The Best of You, the Worst of You: The Year of the Doppelganger in Film

NOTE: Spoilers abound.

2014 is a little more than half over and already several cinematic trends have surfaced: the continued dominance of superheroes at the box office; Scarlett Johansson’s uncontested reign of hotness; the continuing Michael Bay pillaging of Saturday mornings of yesteryear. But most intriguing might be the mini-boom of doppelganger movies that have appeared, dare I say it, like unexplained copies of one another in the past few months: Enemy, from Prisoners director Denis Villeneuve; The Double, from ex-IT Crowd star and budding auteur Richard Ayoade; and The One I Love, from first-time filmmaker Charlie McDowell. Each of these three films uses the concept as a jumping off point to tell a unique story. But why the sudden interest in stories about unexplained doubles? What does it say about the anxieties of identity in the new millennium — the way we see ourselves?

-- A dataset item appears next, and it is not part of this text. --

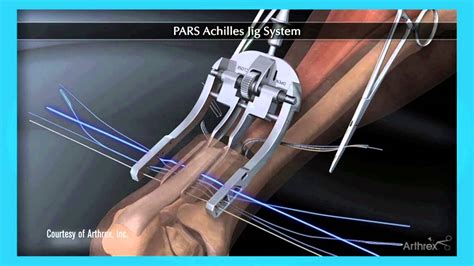 Minimally Invasive Surgery For Achilles Tendon Repair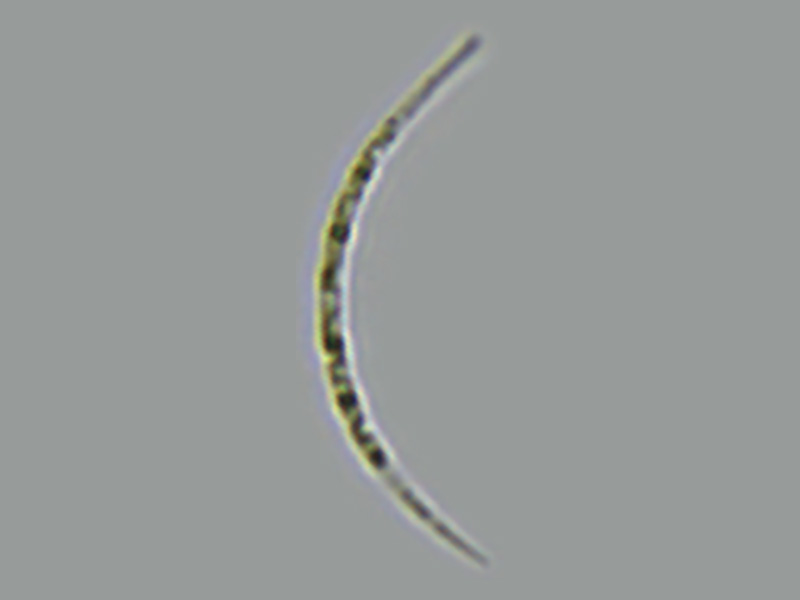 Ankistrodesmus falcatus var. mirabalis sp.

A deeper examination of each entry in this year of doppelganger in film might provide some answers.

Enemy

Enemy, based on the novel The Double by Jose Saramago, first introduces Jake Gyllenhaal as sad sack history professor Adam, who lives in a jaundiced, oppressive version of Toronto, giving repetitive lectures on totalitarianism and settling into a routine of Chinese takeout and dutiful sex with his girlfriend Mary (Melanie Laurent). After a co-worker recommends he rent a film, Adam notices a bit player, also played by Gyllenhaal, who looks identical to himself. Further investigation reveals that this local actor, named Anthony, is his exact double. Anthony has an apartment on the other side of town and a wife, Helen (Sarah Gadon), who is six months pregnant. Adam decides to make contact with his doppelganger and the plot spins out from there as the two begin a charged, increasingly dangerous dance, eventually swapping partners and, it seems, lives.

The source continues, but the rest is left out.